The Treasury Review has asked stakeholders’ views on whether the 2021 Amending Act has delivered the outcomes aimed for by the PJC Report and have had a positive or negative impact on:

  • The efficiency and effectiveness of the market for Australian securities;
  • The nature or quality of disclosures;
  • The number or type of class actions against disclosing entities for breach of their continuous disclosure obligations;
  • The comparability of the Australian regime with major overseas markets;
  • The availability and cost of D&O insurance; and
  • The capacity of ASIC to enforce continuous disclosure laws.
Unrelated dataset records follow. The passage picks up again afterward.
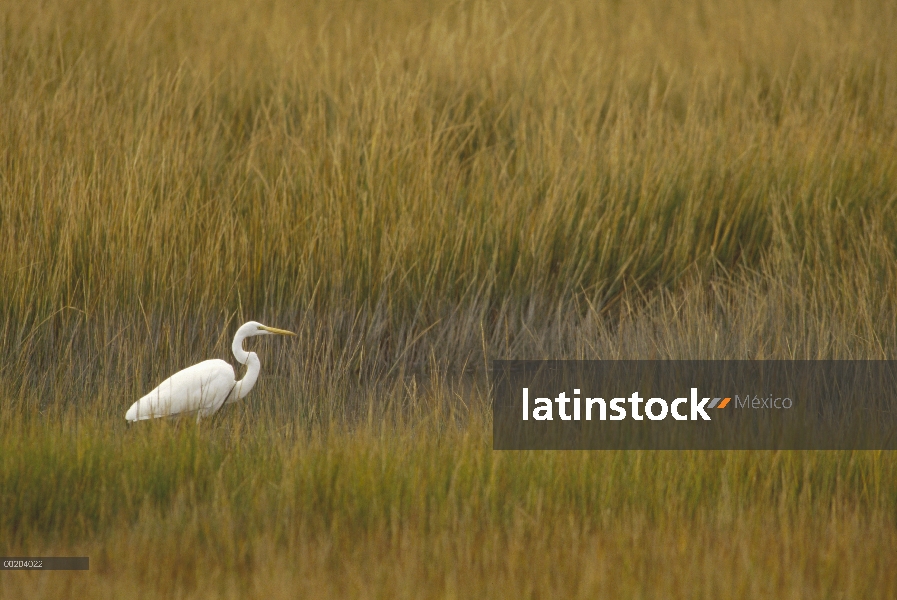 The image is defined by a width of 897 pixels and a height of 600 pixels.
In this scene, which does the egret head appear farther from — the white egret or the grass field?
the grass field

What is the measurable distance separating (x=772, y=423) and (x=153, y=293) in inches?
103

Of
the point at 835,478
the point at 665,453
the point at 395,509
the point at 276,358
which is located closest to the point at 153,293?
the point at 276,358

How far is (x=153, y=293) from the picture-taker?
13.6ft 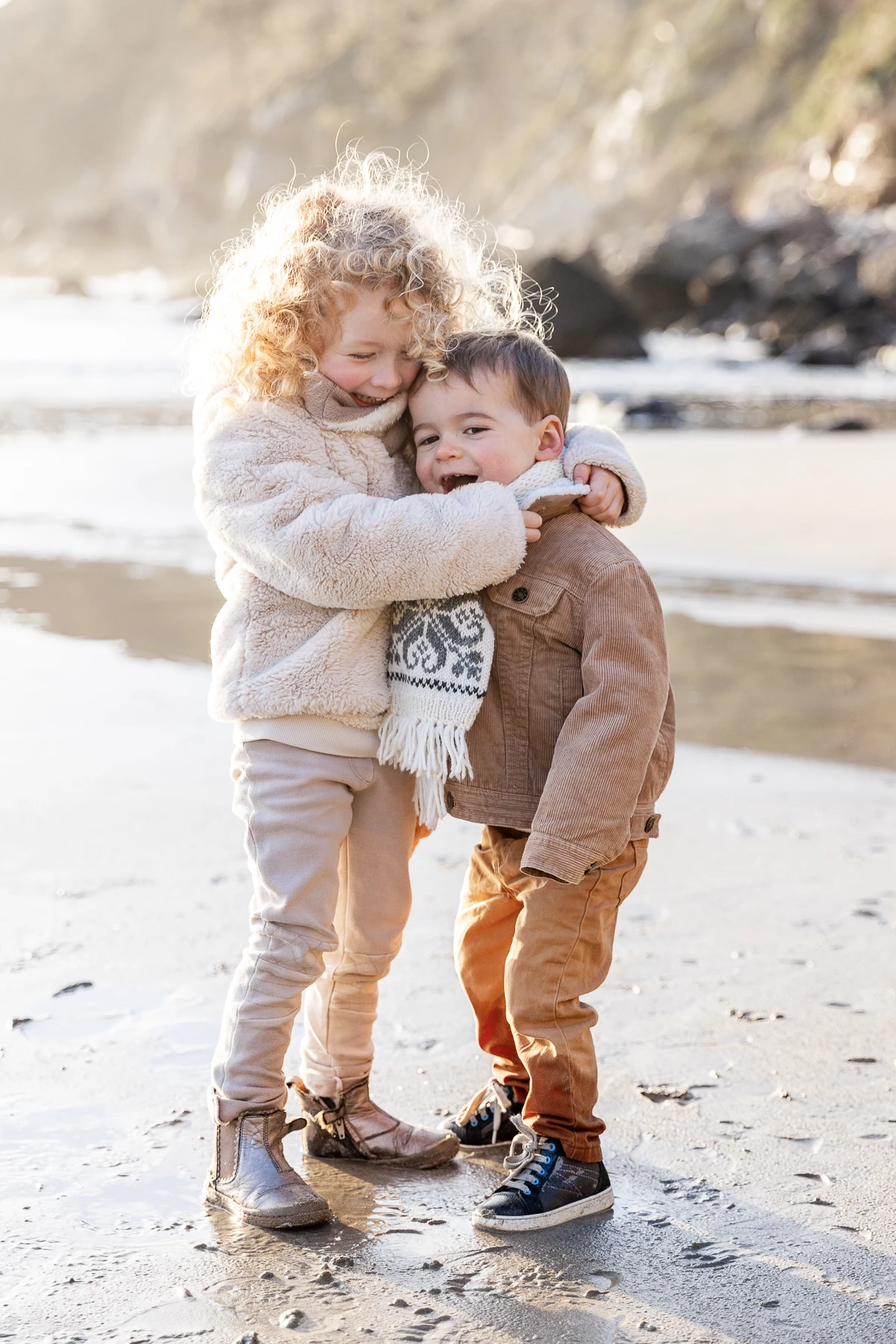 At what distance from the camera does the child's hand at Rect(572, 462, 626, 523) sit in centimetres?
231

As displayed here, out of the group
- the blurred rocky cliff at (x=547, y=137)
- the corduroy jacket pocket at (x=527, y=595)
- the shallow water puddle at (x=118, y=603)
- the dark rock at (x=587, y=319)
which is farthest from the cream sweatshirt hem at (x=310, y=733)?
the dark rock at (x=587, y=319)

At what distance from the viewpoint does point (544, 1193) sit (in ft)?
7.06

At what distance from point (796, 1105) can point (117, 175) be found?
11315 cm

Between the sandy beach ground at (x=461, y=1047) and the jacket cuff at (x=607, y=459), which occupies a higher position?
the jacket cuff at (x=607, y=459)

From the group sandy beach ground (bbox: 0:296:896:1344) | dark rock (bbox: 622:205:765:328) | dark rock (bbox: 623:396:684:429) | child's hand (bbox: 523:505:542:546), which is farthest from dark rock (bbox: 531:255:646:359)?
child's hand (bbox: 523:505:542:546)

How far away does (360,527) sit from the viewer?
2135 millimetres

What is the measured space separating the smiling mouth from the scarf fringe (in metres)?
0.36

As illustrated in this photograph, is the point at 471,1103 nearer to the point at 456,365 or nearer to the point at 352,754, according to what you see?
the point at 352,754

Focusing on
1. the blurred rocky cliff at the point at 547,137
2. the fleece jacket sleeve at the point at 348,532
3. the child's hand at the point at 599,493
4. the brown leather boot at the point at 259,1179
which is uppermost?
the blurred rocky cliff at the point at 547,137

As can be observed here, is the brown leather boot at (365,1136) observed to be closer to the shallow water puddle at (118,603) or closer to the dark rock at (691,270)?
the shallow water puddle at (118,603)

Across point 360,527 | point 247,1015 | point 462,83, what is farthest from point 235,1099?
point 462,83

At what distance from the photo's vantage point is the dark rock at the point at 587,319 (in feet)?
74.5

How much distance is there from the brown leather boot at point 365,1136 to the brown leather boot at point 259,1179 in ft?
0.42

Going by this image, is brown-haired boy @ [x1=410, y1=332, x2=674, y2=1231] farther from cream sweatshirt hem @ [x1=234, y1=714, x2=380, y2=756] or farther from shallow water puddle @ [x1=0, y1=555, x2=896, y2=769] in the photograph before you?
shallow water puddle @ [x1=0, y1=555, x2=896, y2=769] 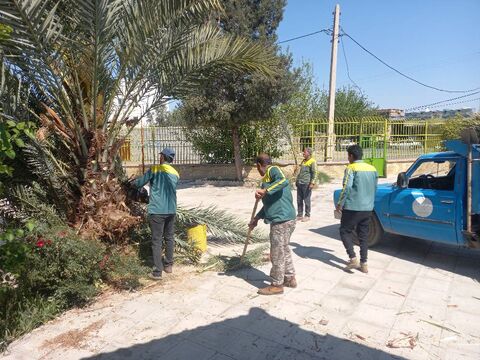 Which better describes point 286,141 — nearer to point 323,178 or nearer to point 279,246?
point 323,178

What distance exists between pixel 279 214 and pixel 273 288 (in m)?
0.87

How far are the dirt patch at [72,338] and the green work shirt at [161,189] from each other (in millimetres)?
1555

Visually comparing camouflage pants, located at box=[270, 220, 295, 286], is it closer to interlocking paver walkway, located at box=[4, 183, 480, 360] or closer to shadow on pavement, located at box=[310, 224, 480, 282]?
interlocking paver walkway, located at box=[4, 183, 480, 360]

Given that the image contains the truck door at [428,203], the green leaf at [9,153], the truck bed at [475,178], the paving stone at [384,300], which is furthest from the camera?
the truck door at [428,203]

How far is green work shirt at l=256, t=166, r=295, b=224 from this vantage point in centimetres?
431

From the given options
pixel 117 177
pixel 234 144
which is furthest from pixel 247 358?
pixel 234 144

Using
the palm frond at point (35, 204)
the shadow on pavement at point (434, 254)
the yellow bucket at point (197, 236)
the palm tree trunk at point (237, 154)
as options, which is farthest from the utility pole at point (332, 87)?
the palm frond at point (35, 204)

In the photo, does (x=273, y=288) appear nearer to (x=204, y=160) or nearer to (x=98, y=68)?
(x=98, y=68)

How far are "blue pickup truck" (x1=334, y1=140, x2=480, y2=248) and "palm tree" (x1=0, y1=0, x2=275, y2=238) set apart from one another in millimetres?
2746

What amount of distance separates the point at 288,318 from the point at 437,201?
2.82 m

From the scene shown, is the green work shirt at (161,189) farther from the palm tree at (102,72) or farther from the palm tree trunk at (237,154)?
the palm tree trunk at (237,154)

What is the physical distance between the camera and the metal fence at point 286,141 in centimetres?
1507

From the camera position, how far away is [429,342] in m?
3.48

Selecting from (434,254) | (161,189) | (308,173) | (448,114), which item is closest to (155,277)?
(161,189) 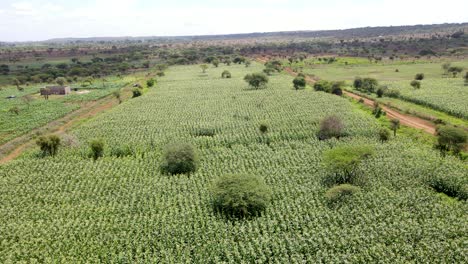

These are all very helpful questions. However, the fundamental problem is:

  1. There is simply insufficient evidence and data to enable an analysis of the impact of the 2021 Amending Act. Securities class actions generally take between 3 to 5 years (some longer) to resolve and very few have gone to judgment.
  2. None of these matters and questions were properly considered and analysed with respect to the continuous disclosure law regime that existed prior to the 2021 Amending Act (let alone when the amendments were initially adopted through the coronavirus amendments).
  3. It is doubtful the amendments, as drafted, remedy perceived problems with the operation and impact of the prior regime. An effective review might have been able to identify situations, if any, where a company would not be acting with knowledge, recklessness or negligence, but where the company also has information that is material (not subject to pre-existing exemptions) and does not disclose that information to the market.

In 2018, the ALRC ‘Inquiry into Class Action Proceedings and Third-Party Litigation Funders’, recommended that the Australian Government commission a review of legal and economic impact of the operation, enforcement and effects of continuous disclosure obligations and those relating to misleading or deceptive conduct contained in the Corporations Act 2001 (Cth) and the Australian Securities and Investments Commission 2001 (Cth).

This did not occur.

Instead, unsupported and often internally inconsistent opinions from the PJC Report were used as the basis for the 2021 Amendment Act.

The 2021 Amendment Act should be repealed due to the reality it was introduced without any proper policy analysis and assessment as to whether the proposed amendments would address the perceived vices, let alone actual ones. Noting that the perceived vices and the proposed remedy was contested by many participants in regulation, class actions and litigation funding.

 

The contents of this article do not constitute legal advice and it is not intended to be a substitute for legal advice and should not be relied upon as such.  It is designed and intended as general information in summary form, current at the time of publication, for general informational purposes only.  You should seek legal advice or other professional advice in relation to any particular legal matters you or your organisation may have.